An exact copy of the data is required; the images should not appear in it.

- _GIVEN DATA_:
· · · ·
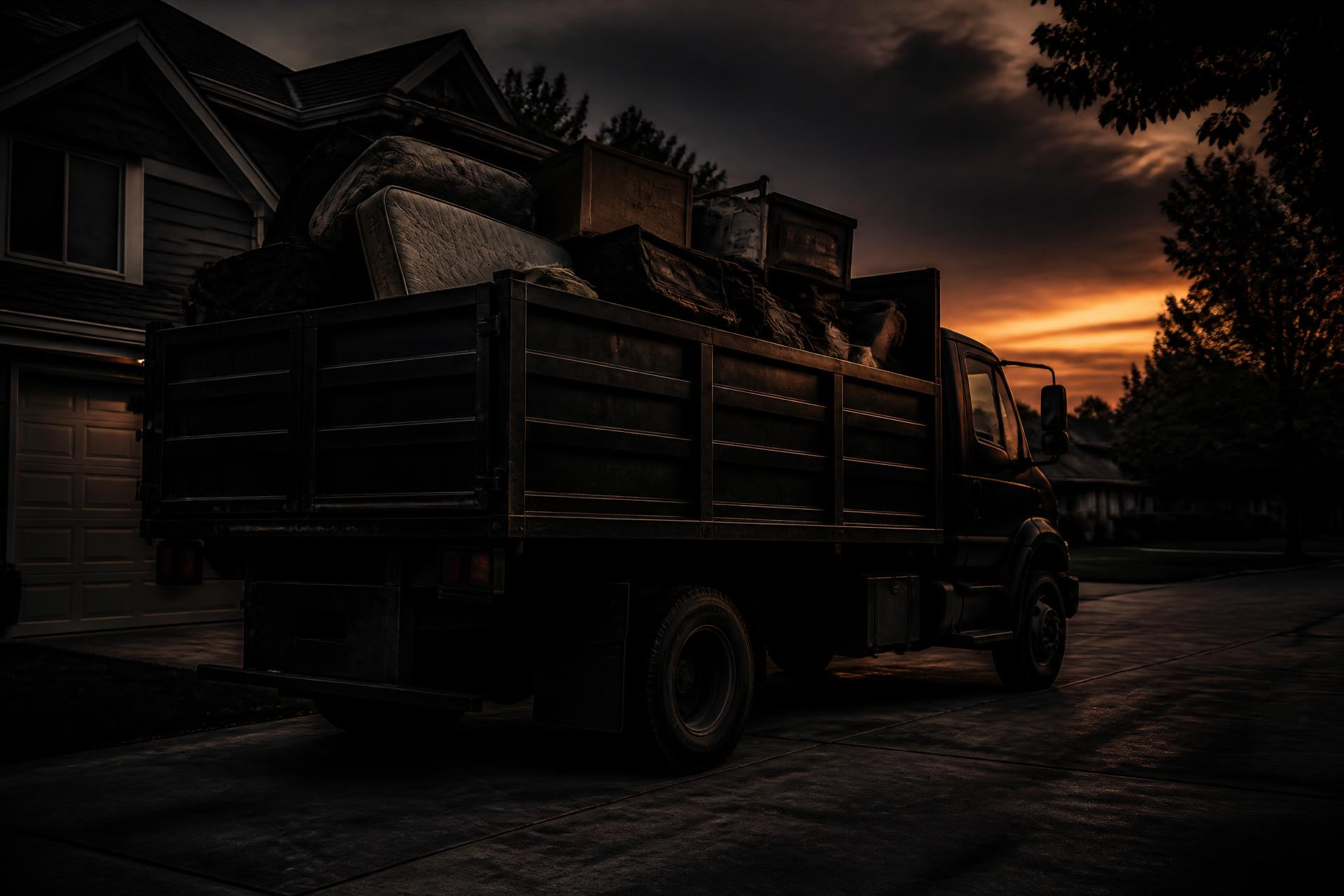 Big Haulers 716 truck loaded with old furniture in a Buffalo-area driveway at dusk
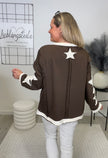 Sweatshirt Sterne-Details in Mokka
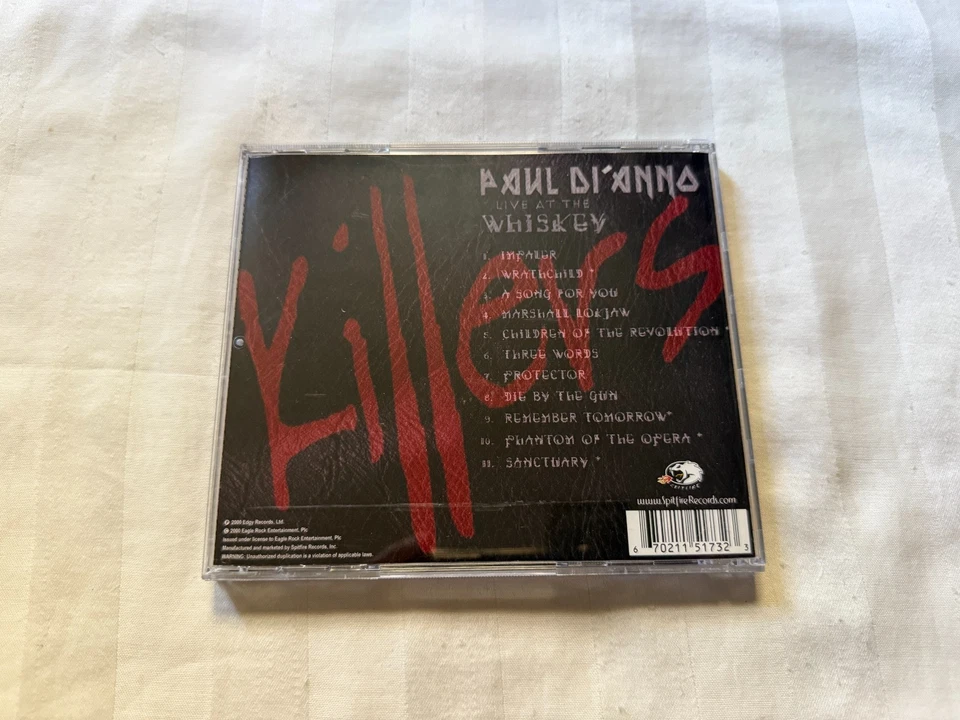 Paul Di'anno Killers - Live at the Whiskey CD 2000 Spitfire Iron Maiden OOP RARE Foto 2 de 3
· · · ·
- _RESPONSE TO THE TASK_:
 Big Haulers 716 truck loaded with old furniture in a Buffalo-area driveway at dusk
 Sweatshirt Sterne-Details in Mokka
 Paul Di'anno Killers - Live at the Whiskey CD 2000 Spitfire Iron Maiden OOP RARE Foto 2 de 3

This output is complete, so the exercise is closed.